# Orvis Casting Classes



## blacksheep76 (Apr 22, 2010)

I'm just starting out with fly fishing and could definitely use some help with my casting. I saw that Orvis held free classes on the weekend. Just curious if anyone has attended these classes and if the information was valuable or is it just an opportunity for their sales guys to get me in the store to buy something. Any info or advice anyone could offer would be greatly appreciated. Thank you.


----------



## Muddskipper (Dec 29, 2004)

Yes and Yes

Once you cast their gear and then go back to your stuff you see why you end up buying from them

It's smart .... And a good class


----------



## Captain53 (May 13, 2015)

About 6 years ago when I was a Fly Fishing Newbie I attended their Fly Fishing and their Fly Tying classes. (Orvis in Austin) Both were very worth while and I sensed no attempt to push Orvis equipment. That said though, they do have quality equipment.


----------



## Gumbeaux (Jun 13, 2014)

I just did the 101 class and it was pretty good. If you've never done it at all, I would recommend watching a couple of videos to get an idea before you go. We ended up with 6 students per instructor (18 total in the class) and those that had no idea what to do kind of struggled. Having a basic idea, the instructors were really good at telling me how to fine tune what I was doing.

We casted for about 90 minutes. The last 90 minutes was discussing basic flies, equipment basics, and knots. He did about 5 minutes worth of "Orvis" pitch throughout the entire thing. Wasn't bad at all. You do get some good coupons and discounts when you go.

I did buy one of their low end fly set ups (a Clearwater) but that's all I own of their fly fishing equipment. Everything else they sell is top notch and the warranty and customer service can't be beat. I've already started eyeing a Recon or an H2, just have to force myself to get some more time in with this one to make sure I'm going to keep liking it.


----------



## tickfarm (May 11, 2006)

Went to the 101 class in Austin about 3 weeks ago. 3 hours well spent. The class was 12 students with three teachers. Mine spent about 15 minutes with me. He got me away from the chicken wing flinging to a more comfortable cast. They have discount coupons and some free stuff. The 201 class at Bull Creek is in 2 weeks, but it maybe a parking lot class because of the water.


----------



## vw4fun (May 5, 2009)

Just attended the Orvis 101 class in Houston this morning. Five students were in our group. The instructors were great and didn't pressure anyone on sales. This morning was my first time to touch a fly rod. Watched many videos on YT prior to attending the class and felt that helped a lot. 

I am holding off on purchasing a fly rod until I know a little more of what I need. My goal is to fly fish for redfish. I will take a lesson or two from an expert to advise me the equipment I should look for.
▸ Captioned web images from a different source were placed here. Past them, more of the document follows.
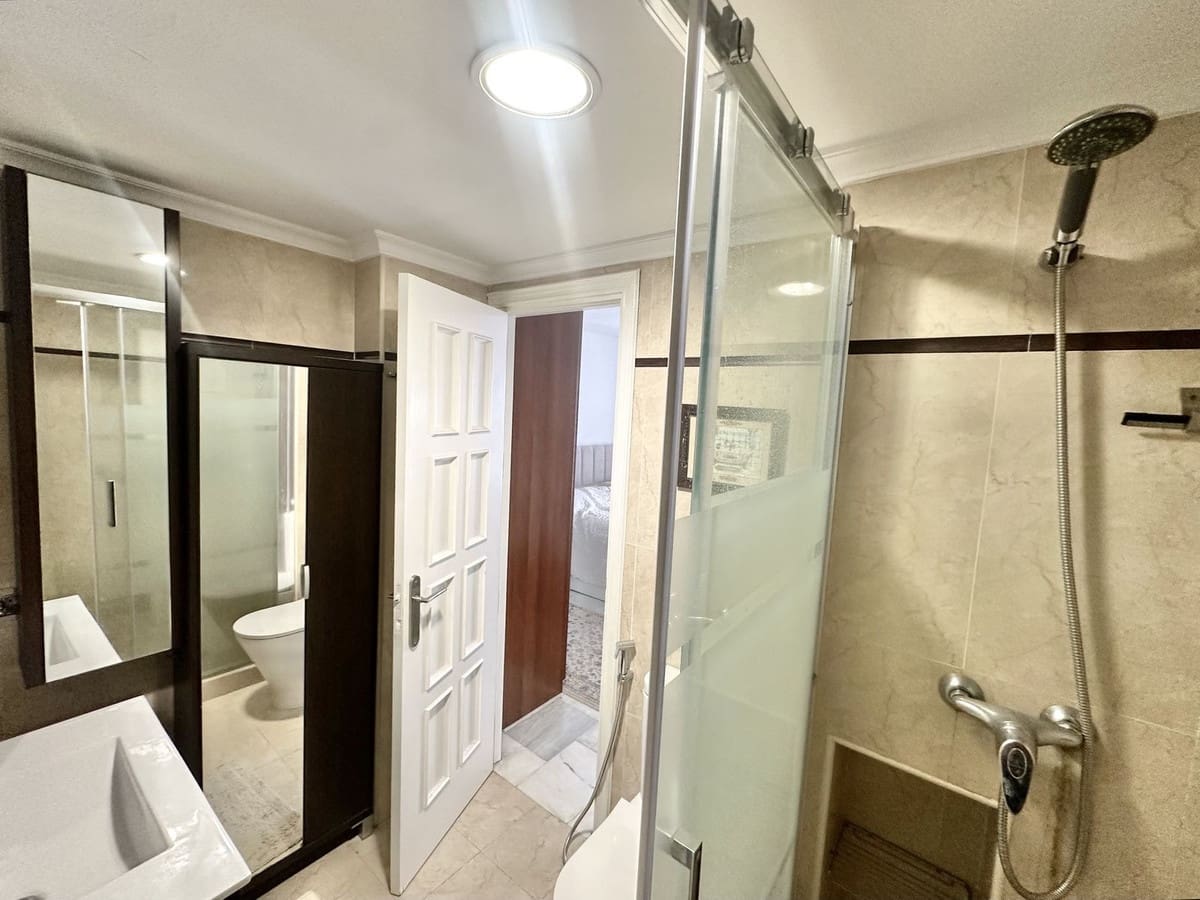 3 makuuhuone Huoneisto myytävänä paikassa Fuengirola mukana uima-altaan 
autotalli - 420 000 € (Ref: 9329603)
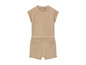 Ensemble de t-shirt et short beige pour enfants.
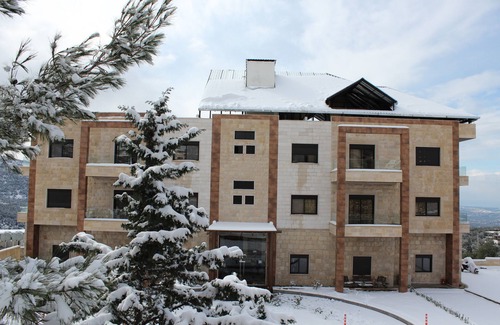 Miziara Apartment | Twin room with a Beautiful Mountain View (No balcony)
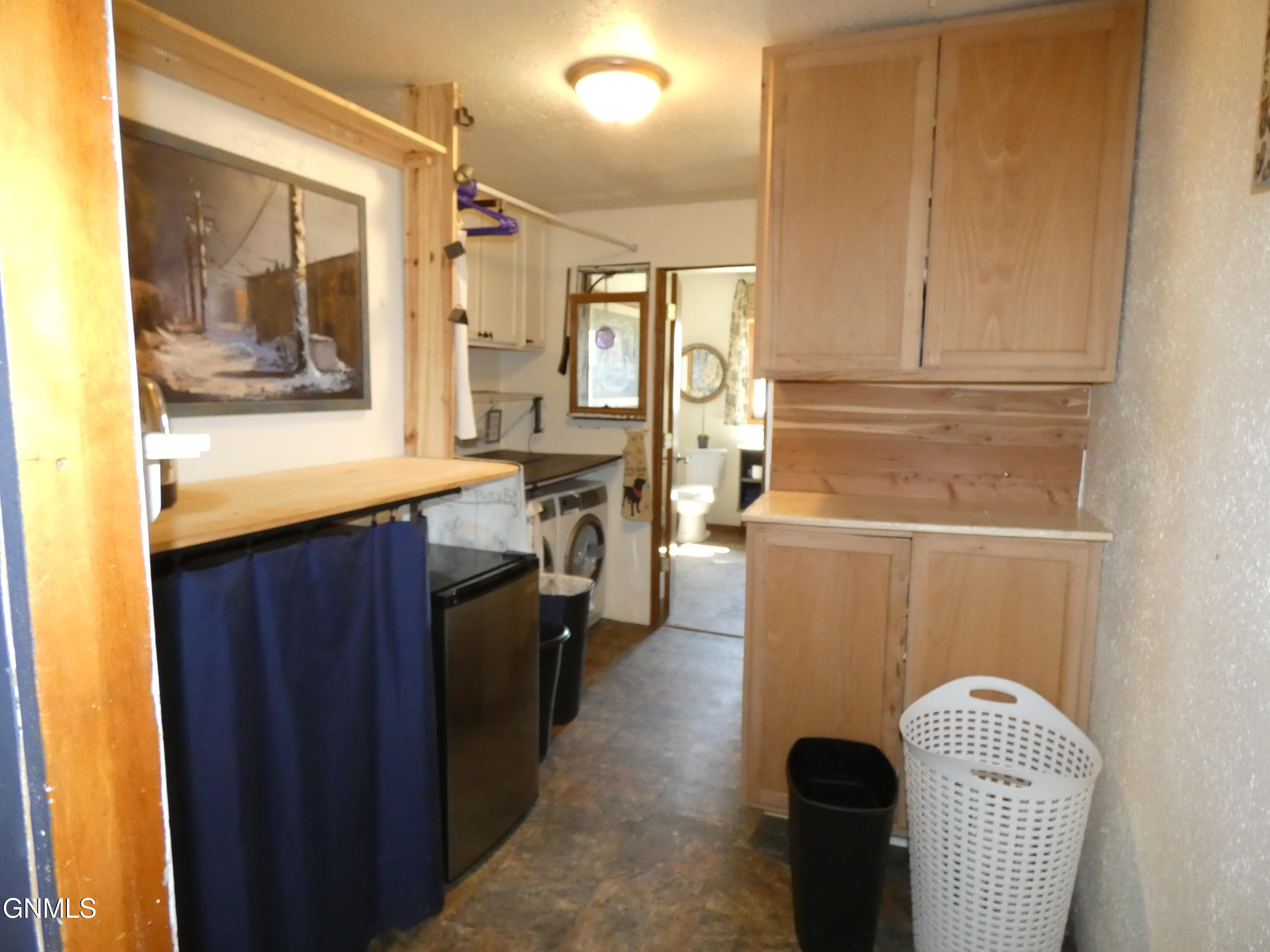 property viewer photo 23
Then practice, practice, practice...


----------



## redexpress (Apr 5, 2010)

I just did the Orvis Endorsed beginners class at Little River Outfitters in Townsend Tennessee, near the Smokies. We used Orvis Recon 5 weights. I had just bought a LL Bean 6 weight and can sure tell the difference. The Bean is quite a bit slower, which as a beginner may be what I need. The Recon will be on my short list for the next rod. 
The class here was great. One day at the shop with classroom and practice on the lawn, then all day Sunday on the water. $250


----------



## Meadowlark (Jul 19, 2008)

Congrats!! and green to everyone for taking the classes and most of all getting into this magnificent sport. 
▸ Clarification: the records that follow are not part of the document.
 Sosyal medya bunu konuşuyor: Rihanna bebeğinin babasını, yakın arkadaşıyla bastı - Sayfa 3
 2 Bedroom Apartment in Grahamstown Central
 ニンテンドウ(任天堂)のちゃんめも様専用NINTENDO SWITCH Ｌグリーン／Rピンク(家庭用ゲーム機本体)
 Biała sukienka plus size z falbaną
It can become a lifetime of enjoyment.


----------



## Worm Drowner (Sep 9, 2010)

Meadowlark said:


> It can become a lifetime of enjoyment.


Or frustration!!! What the hell...it's what we do and a big part of who we are. Tight lines to all.

Saltwater Outings Chairman
Texas FlyFishers
http://www.texasflyfishers.org


----------



## blacksheep76 (Apr 22, 2010)

Thanks for all of the feedback. I appreciate all of your help.


----------



## Golden (Aug 1, 2006)

IMO the guys and gals up at Orvis Houston offer first rate customer service, conduct awesome casting classes for beginners and intermediates, hold a fun "happy hour" every two weeks on Wednesday evenings, and have some great rods and gear to offer. Yes it is "pricey" but it is also "lifetime" stuff. You wear it out or break it send it in...boom it's new again! It is the kind of gear you want to pass on to the family someday.
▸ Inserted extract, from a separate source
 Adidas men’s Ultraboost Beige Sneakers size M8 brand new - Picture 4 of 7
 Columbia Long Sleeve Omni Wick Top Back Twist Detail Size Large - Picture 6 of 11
As far as the Recon Rods are you kidding me...a foot shorter, light as a feather, and is a casting cannon! Having one (5wt.) in my hand for about ten minutes the other day at the shop I found the rod to really perform. The short range accuracy is quite unique. Think about standing on the front of a poling skiff and there is that big red right under your rod tip (don't you hate it when they're too close to get a good shot on). The shorter rod gives you a better chance to make that cast so much easier than one would imagine. You give up very little long range distance with this rod too. During the casting contest/demonstration at last weeks happy hour we were challenged to make an opposite hand distance cast (if you were right handed you cast with your left). So I tried it and without hauling at all (I was an uncoordinated mess trying to haul left-handed) and with 30' of line out of the rod tip and a bunch laying in the grass, with one back cast I shot the line out and missed the 80' target by 10 or so inches. As I said you kidding me! SOLD!

I'm getting a 6 wt. with a saltwater fighting butt. This is coming from a die-hard Sage XP fan-atic.


----------



## Worm Drowner (Sep 9, 2010)

Golden said:


> I'm getting a 6 wt. with a saltwater fighting butt. This is coming from a die-hard Sage XP fan-atic.


Maybe if you could teach your help to quit throwing out your fly rods, you wouldn't need that 6 wt!! :rotfl:


----------



## seadave (Feb 7, 2005)

when I purchased my helios 2 at Orvis in Houston, I received one on one lessons immediately. Personally, I would prefer the one-on-one instead of a large class. None the less, any type of lesson is good. Good luck,


----------